While some political leaders blamed the “mismanagement” of Fannie Mae and Freddie Mac and demagogues like Ann Coulter and Pat Buchanan blamed Black and Latino families for the economic collapse of the subprime mortgage market, the fact is, as Sims points out that bad credit was not the primary factor for distributing the loans, a myth conveniently circulated and repeated to this day. Sims refers to Rep. Charles Schumer who refutes the bad credit explanation, quoting the Wall Street Journal:

Based on the Journal’s analysis of borrowers’ credit scores, 55 percent of subprime borrowers had credit scores worthy of a prime, conventional mortgage in 2005. By the end of last year, that percentage rose to over 61 percent according to their study. While some will have damaged their credit in the interim, it’s clear that many subprime borrowers have the financial foundation for sustainable homeownership, but may have been tricked into unaffordable loans by unscrupulous brokers.

Basically, the subprime mortgage scheme was a way for Wall Street bankers to drive up profits (some were pushing for 25% profit margins, according to Sims) and doing it on the backs of mortgages to predominantly African American and Latino homeowners.  Sims speculates:

Perhaps this explains at least in part why no Wall Street insiders had qualms about their activities or why in recent weeks the issue seems to have almost disappeared from discourse on the economic recession.

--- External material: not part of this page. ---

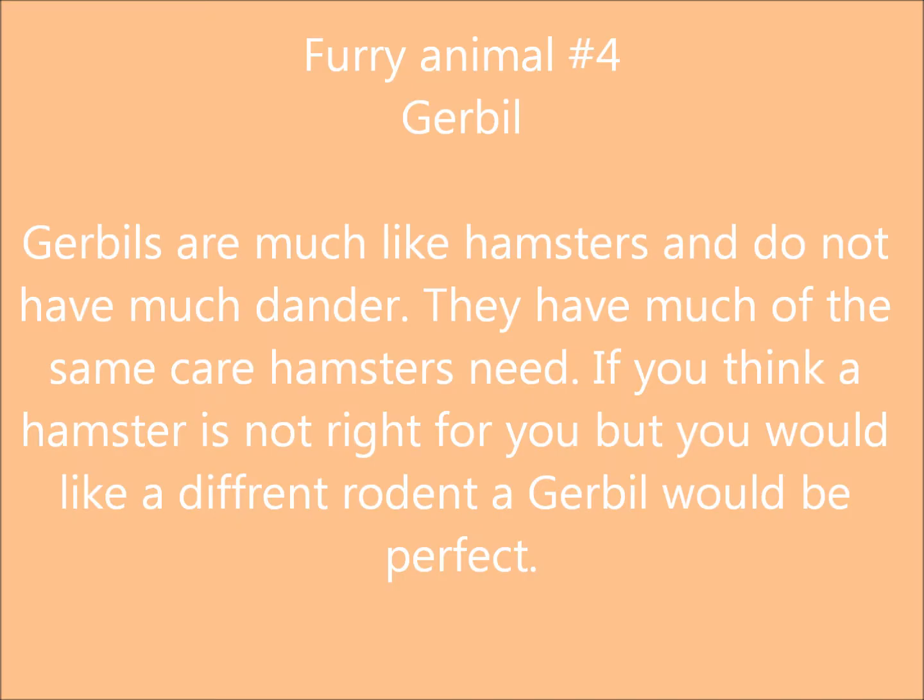The next is a gerbil. The gerbil is much like a hamster, but if you don't want a hamster, you can opt for a gerbil, and they have much the same care as hamsters do.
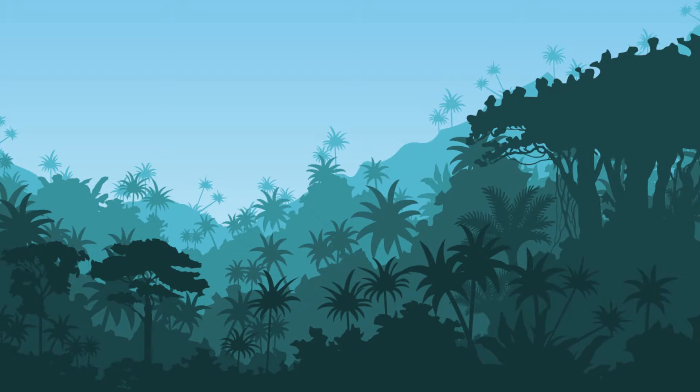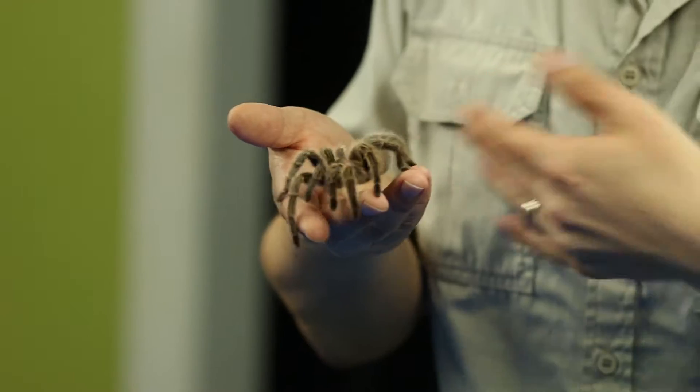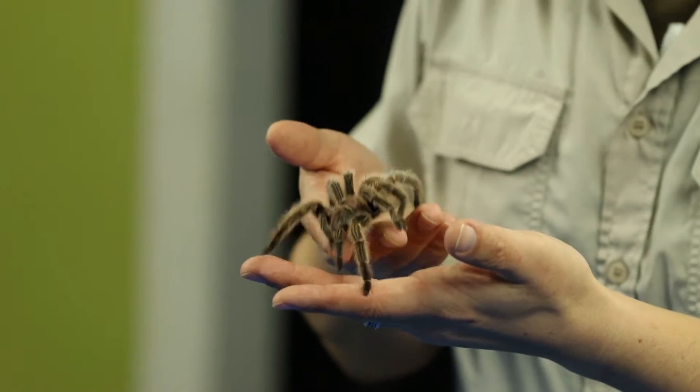Welcome to Safari Science. I'm Reptile Rob and learning is fun. So let's learn how tarantulas eat. I have with me a tarantula. Her name is Mrs. Fuzzybottom and here she is. Today we're going to learn how tarantulas eat their food.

So what made the loans predatory?  According to Sims and a study by a group called United for a Fair Economy:

One factor is their marketing and sales to inappropriate customers. Another is pre-payment penalties. Seventy percent of subprime loans had such penalties. A third element was Adjustable Rate Mortgages (ARMS), which often carried unexplained ballooning interest rates that increase payments by as much as one-third. A majority of subprimes were ARMS. Yet another condition was the exclusion of tax and insurance costs when estimating the monthly payment for a potential home-buyer. And finally the encouragement of ordinary borrowers to take interest-only loans, where in the initial year or two only the interest is paid on, after which the principal rates kick in raising the cost dramatically.

The stimulus package and economic recovery needs to acknowledge that what are often referred to as “marginal”  home owners or borrowers were largely Black and Latino working-class families struggling to make ends meet, targeted by Wall Street financiers.  Recovery is likely to further entrench racial inequality if leaders fail to acknowledge the role of racism in the current economic crisis.